■ Your objective
All of the lines below are to be transcribed faithfully, with pictures excluded from the copy.

■ Collected data

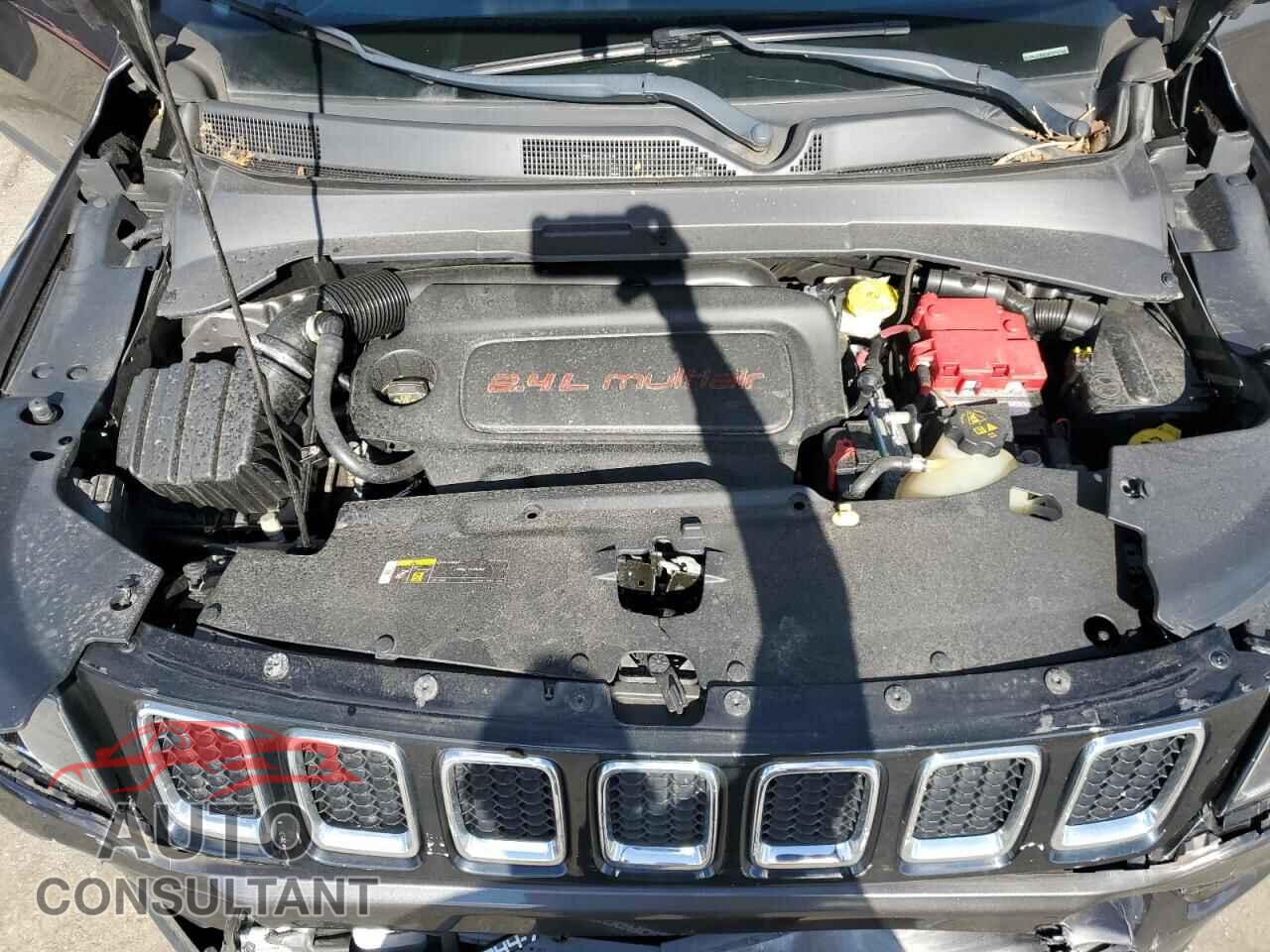 JEEP COMPASS 2019 - 3C4NJDBB5KT674790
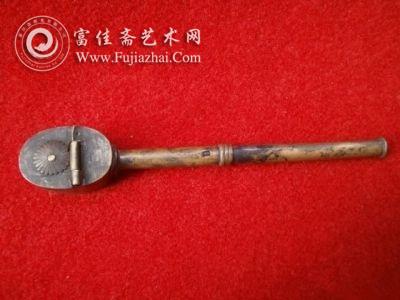 清代墨斗笔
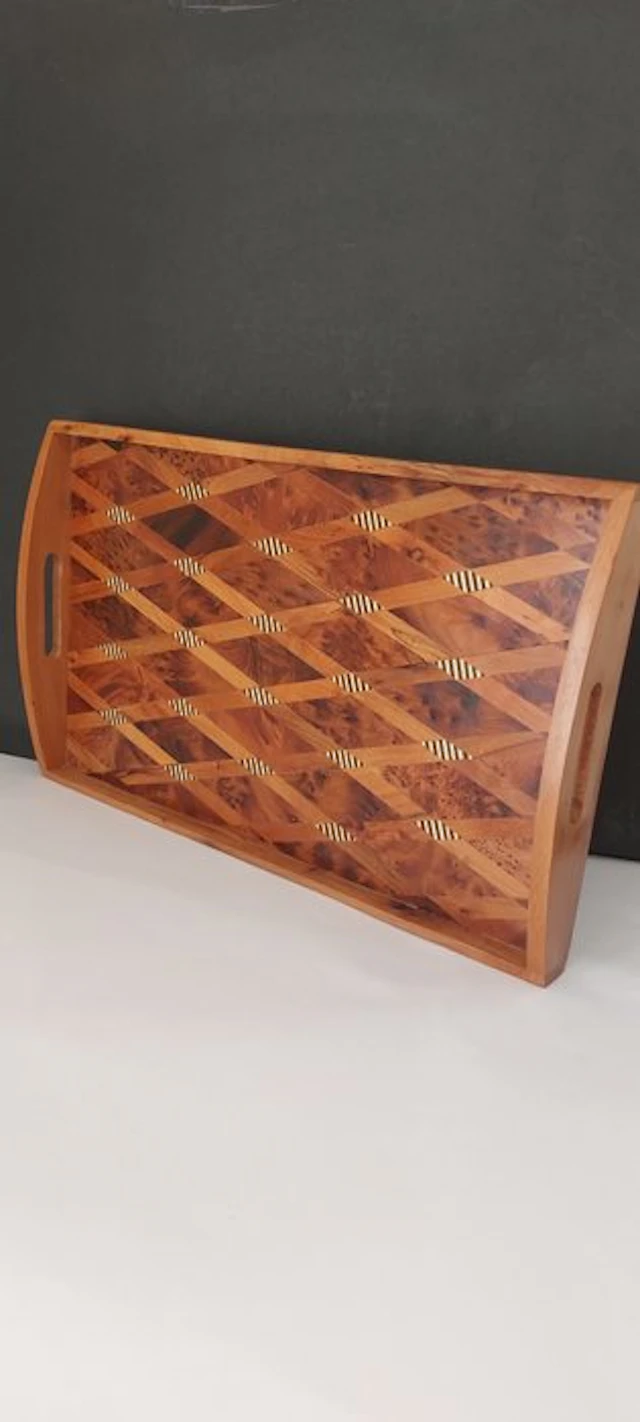 Serving tray - Wood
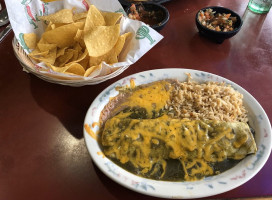 San Blas Mexican food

■ Result of this exercise
 JEEP COMPASS 2019 - 3C4NJDBB5KT674790
 清代墨斗笔
 Serving tray - Wood
 San Blas Mexican food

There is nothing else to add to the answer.